El enero político madrugó. En la segunda semana los grandes partidos -con sus primeros protagonistas al frente- hicieron casi un desnudo integral voluntario. Llamó la atención sobre todo lo demás la acusación furibunda de Rodrigo Rato: «El Gobierno quería meterme en la cárcel», proclamó solemne y airado en el Congreso de los Diputados. Con parecido estruendo sonó la pifia de Pedro Sánchez; su exigencia de un doble impuesto a la banca y ciertas transacciones financieras que ayuden a sostener nuestro sistema de pensiones se volatilizó como agua que cae al suelo reseco del alcorque, y la presentación estelar de su decálogo político «para una nueva era de la izquierda» tuvo el alcance del primer salto que da del nido el pajarillo urbano común.

Los separatistas catalanes continúan con su patético e insufrible esfuerzo inventivo de hacer posible (y creíble) la cuadratura del circulo de su política: gobernar la Generalitat sin estar presentes, desde la nube. Pablo Iglesias --otro que ha adoptado la increíble pose de desaparecer semanas del proscenio político-- asomó la voz este fin de semana para anunciar grandes giras por España para refrescar las bondades de su montaje político. Y Ciudadanos tan contentos; la victoria catalana de Arrimadas les ha dejado clavada en la boca la mueca de la sonrisa por un largo tiempo,

De tantos titulares, sin embargo, merecería la pena profundizar, aunque solo fuera con la profundidad del somero volteo del arado romano, en dos aspectos. Vayamos a Rato. Muy mal, fatal, debe de andar el PP , también puertas adentro, cuando un político, tan gravemente herido pero con el instinto felino intacto, le lanza desde el Congreso una de las acusaciones más feroces que se recuerdan: «El Gobierno quería meterme en la cárcel», dijo, y hasta tres ministros revelaron sus cuentas fiscales «dentro de una campaña orquestada para detenerme». Y logró conmocionar, todavía, a la elites políticas, económicas y a cierta prensa influyente. Rato, después de tres años de grandes penurias, tuvo el atrevimiento y sobre todo la clarividencia, de pensar que aún puede hacer de lo suyo un caso político.

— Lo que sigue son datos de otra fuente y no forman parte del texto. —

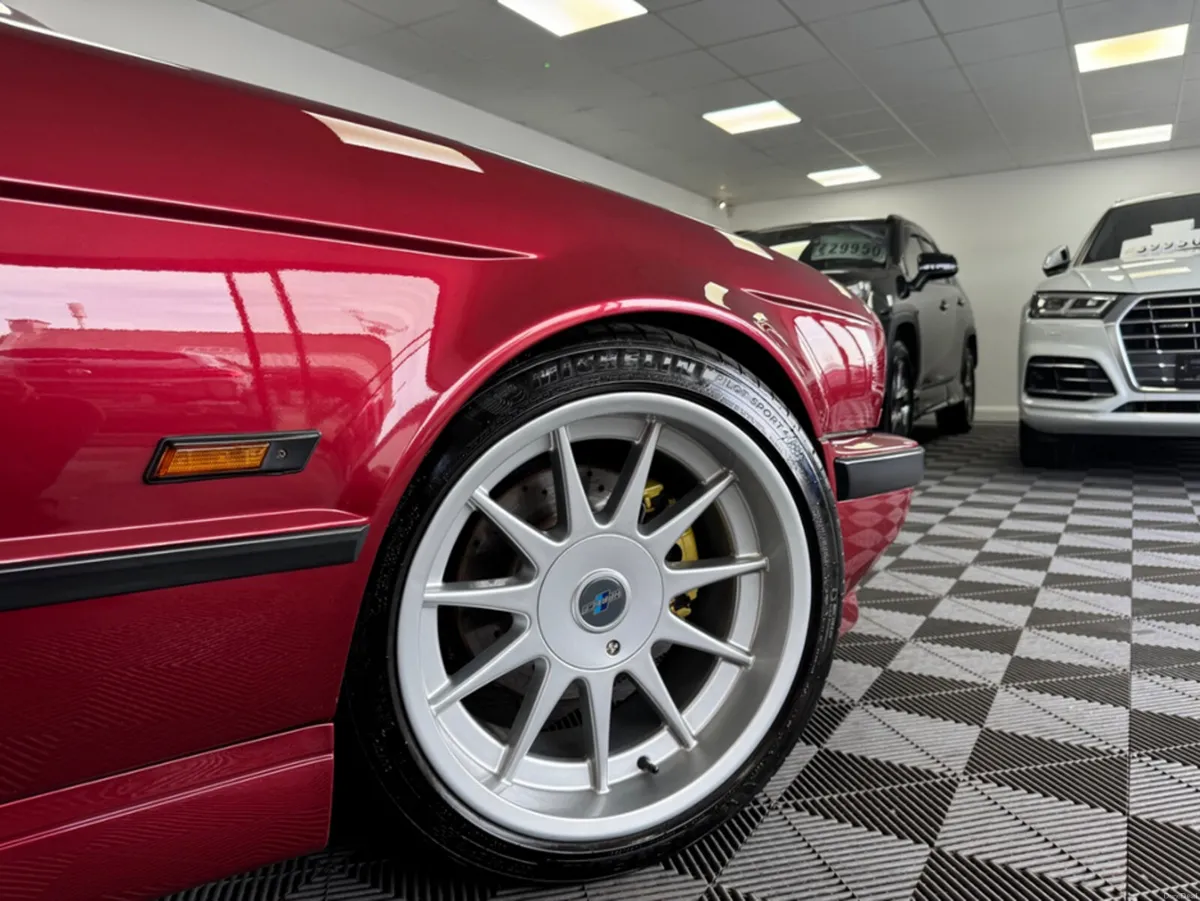 BMW 5-Series BMW 540I 6 SPEED MANUAL CALYPSO RED - Image 4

Y no lo es. Jueces, fiscales y policías le investigan sobre al menos 15 ilícitos penales; pero es igual, sospecha que la debilidad política del Gobierno de Rajoy es mayor que su precaria situación judicial y con esos útiles se lanza al cuello de sus viejos conmilitones. Las fracturas internas han debido de ser notables, aunque el común de los mortales nunca escuchemos los estruendos de lozas en La Moncloa y Génova dado el toque de silencio decretado por el presidente.

Lo de Ferraz también es bien significativo. Largos meses de silencio --dicen que también de meditación y reflexiones-- de Pedro Sánchez, se tradujeron en algo así como en el salto de un gorrión joven pintado, eso sí, de colores. ¿Y qué le pasó mi guate? que diría el mexicano. A primera vista se observa que el PSOE continúa sin discurso; que después de meses de retiro aparecen sin los deberes hechos; mantienen los mismos tic pseudo izquierdistas de la campaña que llevó a Sánchez a ganar con largueza la secretaria general y continúan atrapados por el complejo Podemos.

Es una gran pena que a estas alturas, cuando ya a Podemos se le desprende bastante más que el enlucido, aparezca el PSOE buscando adhesiones políticas colgado de las pancartas de la demagogia. Porque ir contra la banca es lo más fácil. El Felipe González de finales de los años ochenta y noventa daba muy pocas ruedas de prensa y hacía pocas declaraciones, y se le criticaba con fuerza. Él se justificaba en privado argumentando que no tenía todos los días dos o tres ideas felices y otras tantas noticias que contar; que la gestión de la democracia es trabajosa y lenta y normalmente es un trabajo gris. Algunos creían que el silencio de Pedro Sánchez seria trasunto de aquellas reflexiones de González, pero parece que no es así. Continúa, como la mayoría, buscando el titular artificioso que embauque cuando lo que se requiere es yunta y arado.